_Exercise inputs_
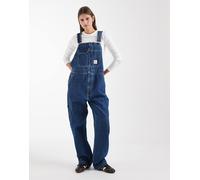 Levi's Workwear salopette in denim ampia blu medio S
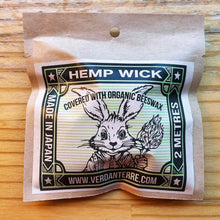 画像をギャラリービューアに読み込む, 【Verdanterre】HEMP WICK Lighter 2m

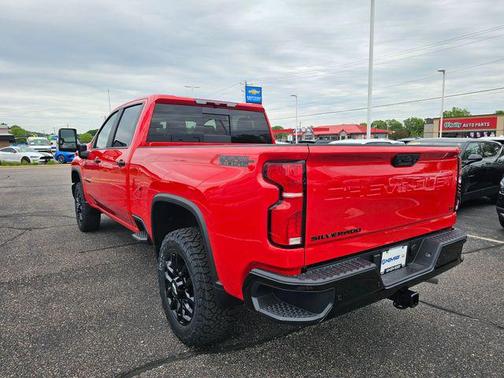 Red Hot 2026 Chevrolet Silverado 2500 LT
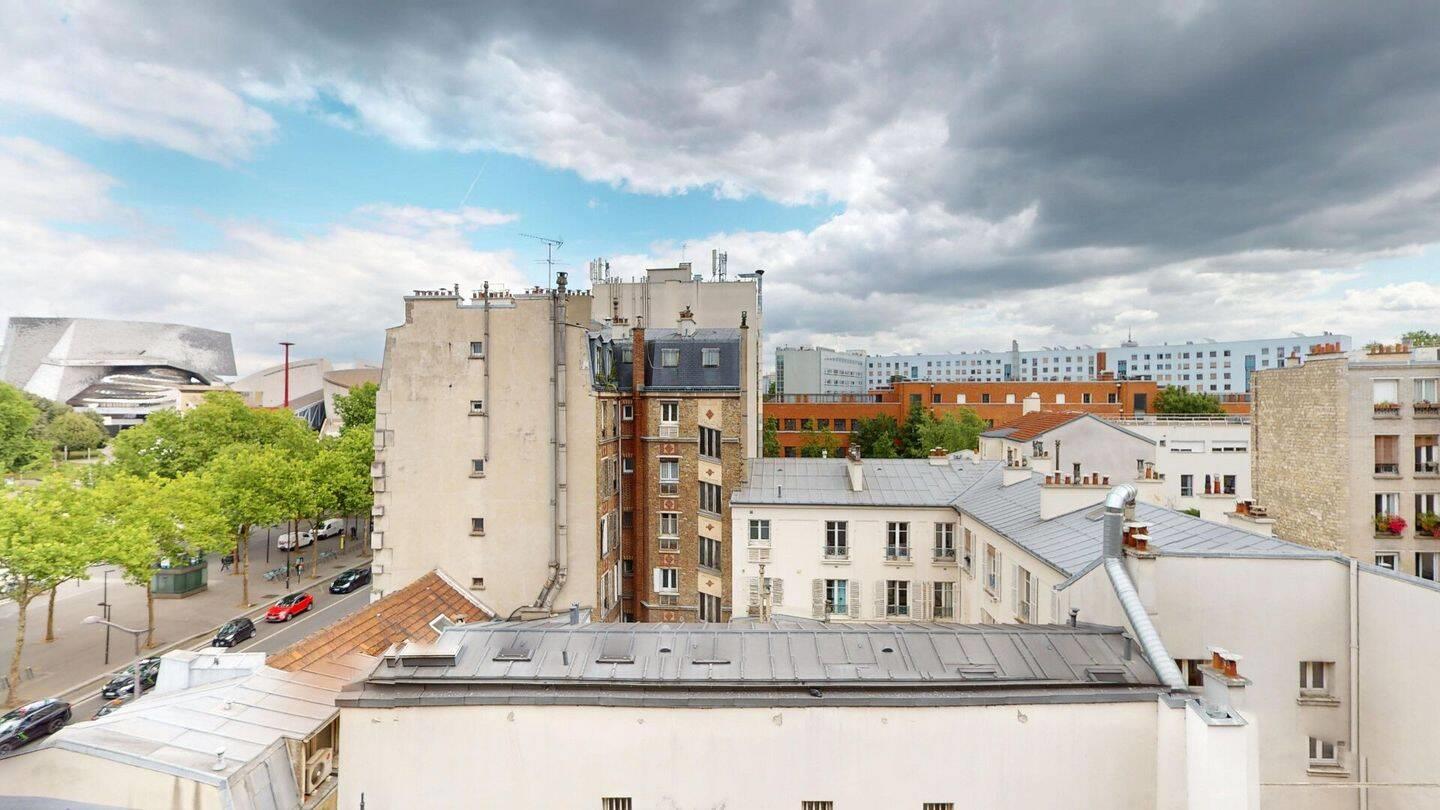 Appartement à vendre, 112m², Paris 19ème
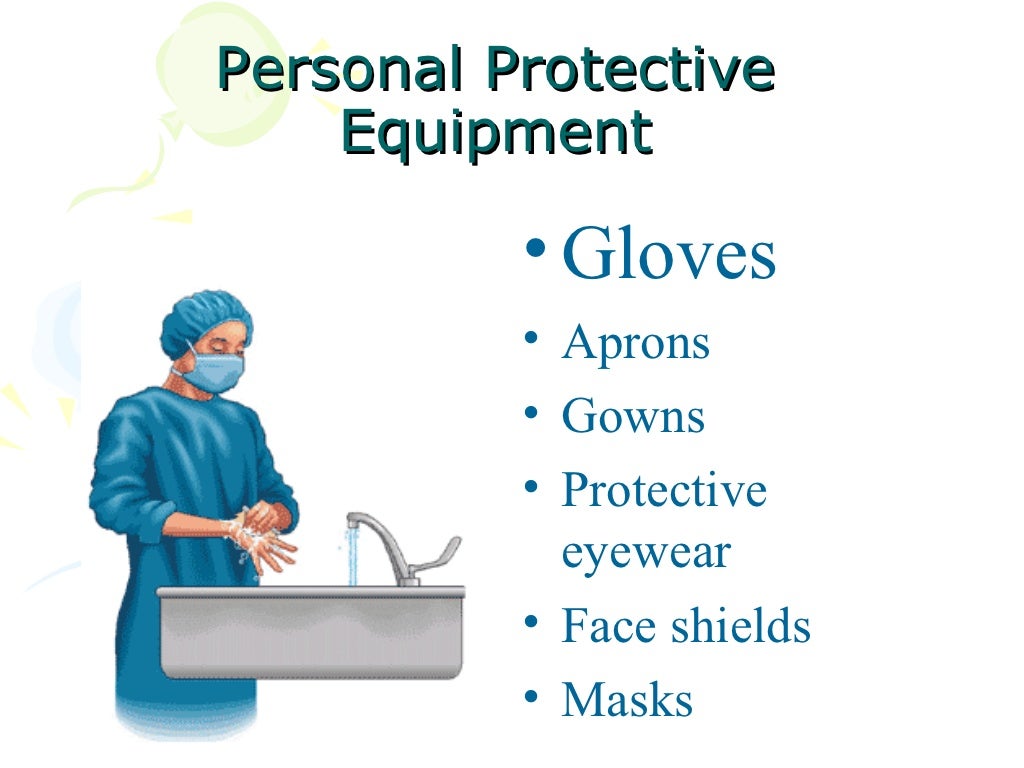 Infection control measures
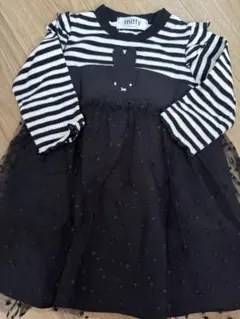 miffy ミッフィー 長袖ワンピース 90cm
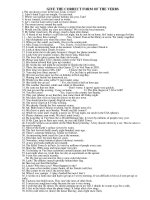 bồi dưỡng học sinh giỏi tiếng anh lớp 8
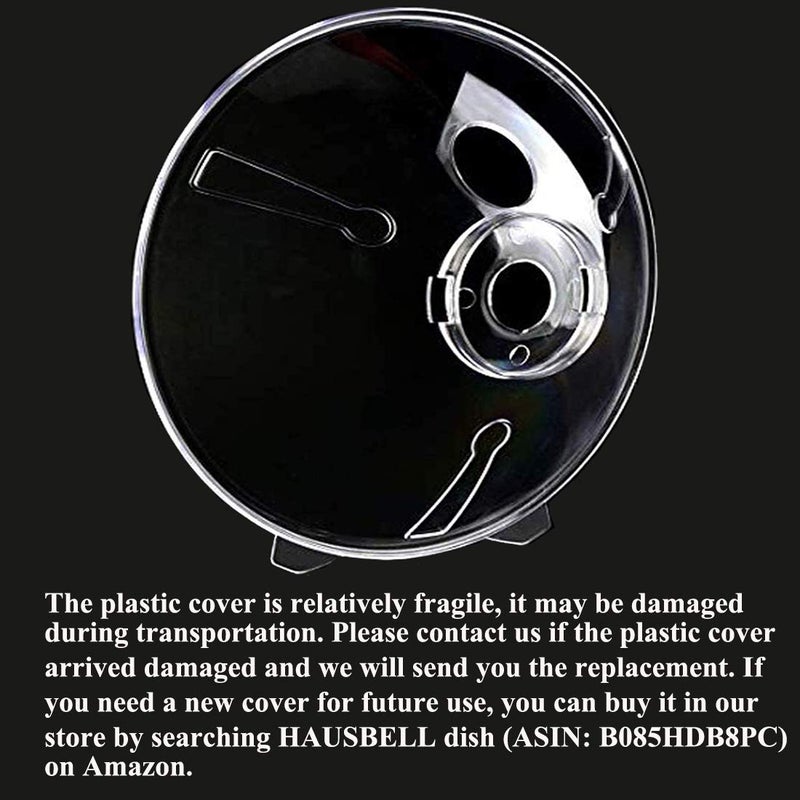 HAUSBELL Parabolic Listening Device for Kids – Bionic Ear Electronic Nature Explorer, 8x Monocular, Adjustable Volume, Includes Headphone, Fun Outdoor Nature Sound Observation Tool, Ideal for Ages 5-9 - Image 3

_Assigned task_
Write out the data exactly, but not its pictures.

_Solution to this problem_
 Levi's Workwear salopette in denim ampia blu medio S
 画像をギャラリービューアに読み込む, 【Verdanterre】HEMP WICK Lighter 2m

 Red Hot 2026 Chevrolet Silverado 2500 LT
 Appartement à vendre, 112m², Paris 19ème
 Infection control measures
 miffy ミッフィー 長袖ワンピース 90cm
 bồi dưỡng học sinh giỏi tiếng anh lớp 8
 HAUSBELL Parabolic Listening Device for Kids – Bionic Ear Electronic Nature Explorer, 8x Monocular, Adjustable Volume, Includes Headphone, Fun Outdoor Nature Sound Observation Tool, Ideal for Ages 5-9 - Image 3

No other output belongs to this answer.